Task item:
Here is the task for the listing below: output exactly the lines from the one containing "3D FLOWER CUSTOM CROC SLIDES BLACK/GOLD" through the one containing "Dois adultos morrem", and leave out the pictures.

Source material:
----------------

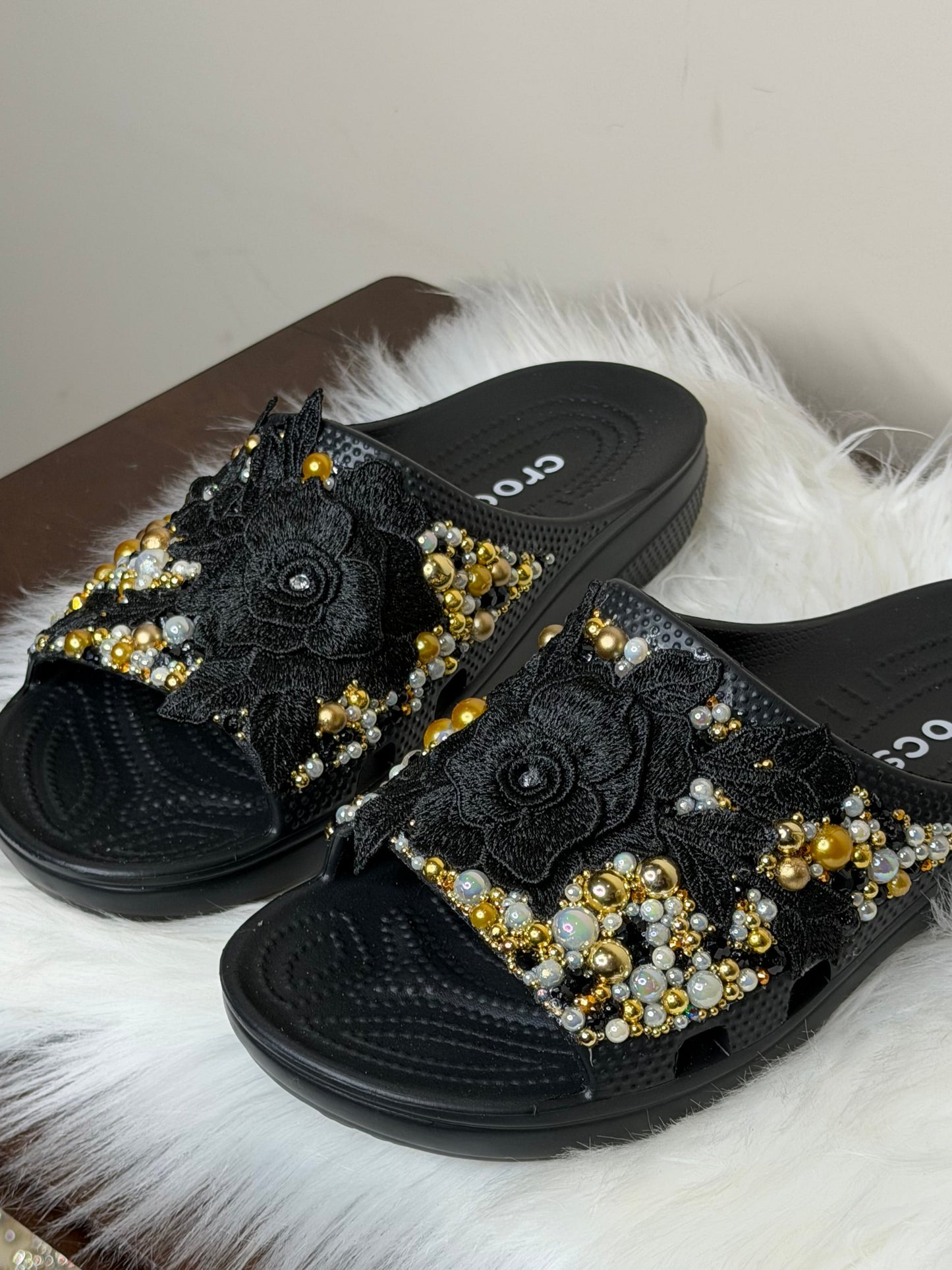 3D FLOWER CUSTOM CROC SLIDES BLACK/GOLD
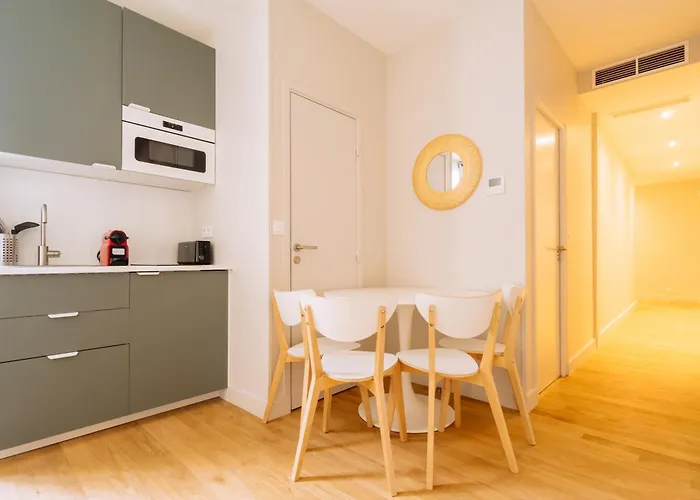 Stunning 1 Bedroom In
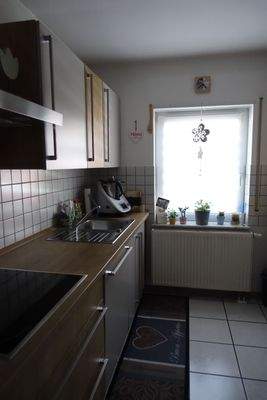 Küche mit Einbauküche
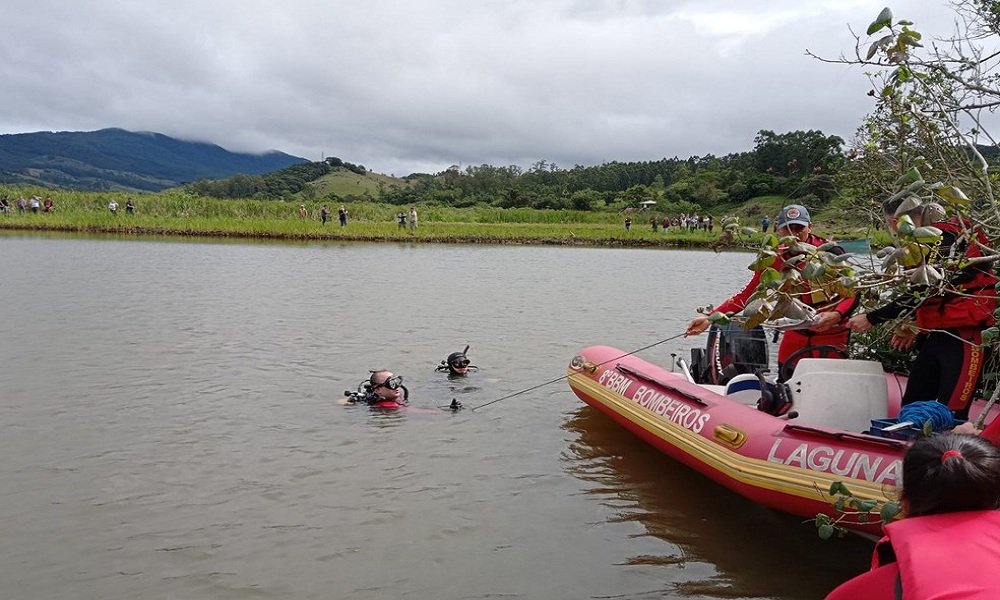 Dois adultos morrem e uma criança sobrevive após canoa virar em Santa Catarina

----------------

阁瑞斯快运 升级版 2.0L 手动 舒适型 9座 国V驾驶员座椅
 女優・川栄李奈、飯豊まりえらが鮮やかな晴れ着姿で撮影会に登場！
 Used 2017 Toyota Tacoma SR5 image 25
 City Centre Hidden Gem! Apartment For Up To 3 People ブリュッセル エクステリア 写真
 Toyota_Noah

----------------

Reply to the task:
 3D FLOWER CUSTOM CROC SLIDES BLACK/GOLD
 Stunning 1 Bedroom In
 Küche mit Einbauküche
 Dois adultos morrem e uma criança sobrevive após canoa virar em Santa Catarina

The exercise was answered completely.